What must be particularly galling for the United States is that the plane likely left just after US special envoy Stephen Bosworth met with North Korean officials for talks that he described as 'useful'. There was no agreement reached on when North Korea would return to the six-party talks over its nuclear programme, but South Korean news agency Yonhap reported that the two sides had agreed to conduct talks aimed at replacing the Korean War armistice agreement with a peace treaty.
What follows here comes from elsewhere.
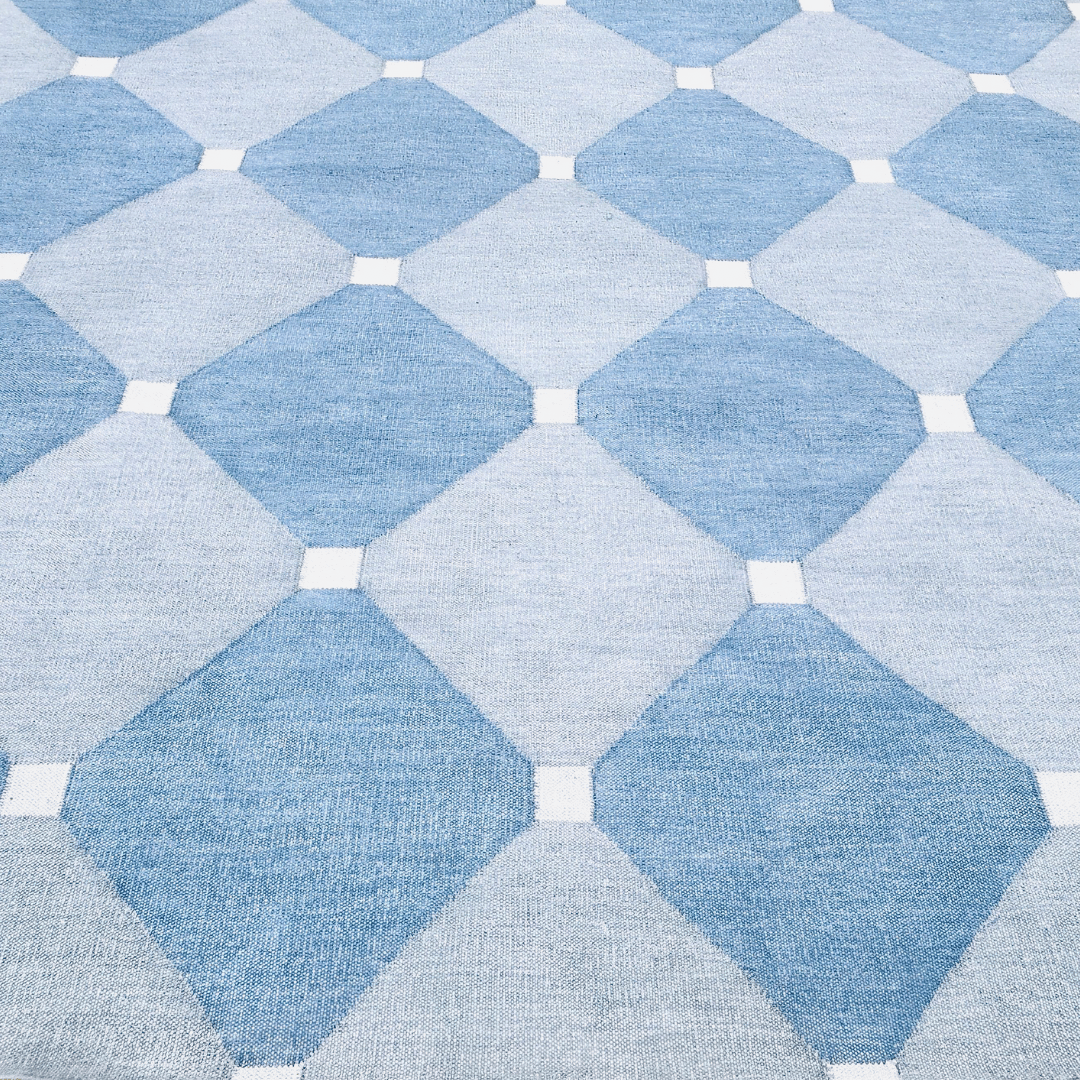 Diamond Blue Classic Dhurrie Cotton Rug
As the Korea Herald points out in an editorial:

'The incident reveals that even as it was pursuing dialogue with Washington, North Korea was pursuing illegal arms exports. The incident also exposed North Korea's duplicity. On the other hand, the fact that the Thai authorities inspected the cargo on a tip-off from the United States shows Washington's resolve to continue with UN sanctions while engaging in dialogue with North Korea.'

But it adds rather optimistically:

'Perhaps the seizure of the arms cargo will drive home the message to the leadership in Pyongyang that it really does not have much choice but to return to the aid-for-denuclearization talks.'

Maybe it will return to talks. But as far as a serious commitment to denuclearizing goes, it's difficult to see how anything is sufficiently different to make North Korea change its mind. It just doesn't want to, and there's nothing really on the table that will make its self-serving and self-glorifying leadership even think honestly about doing so.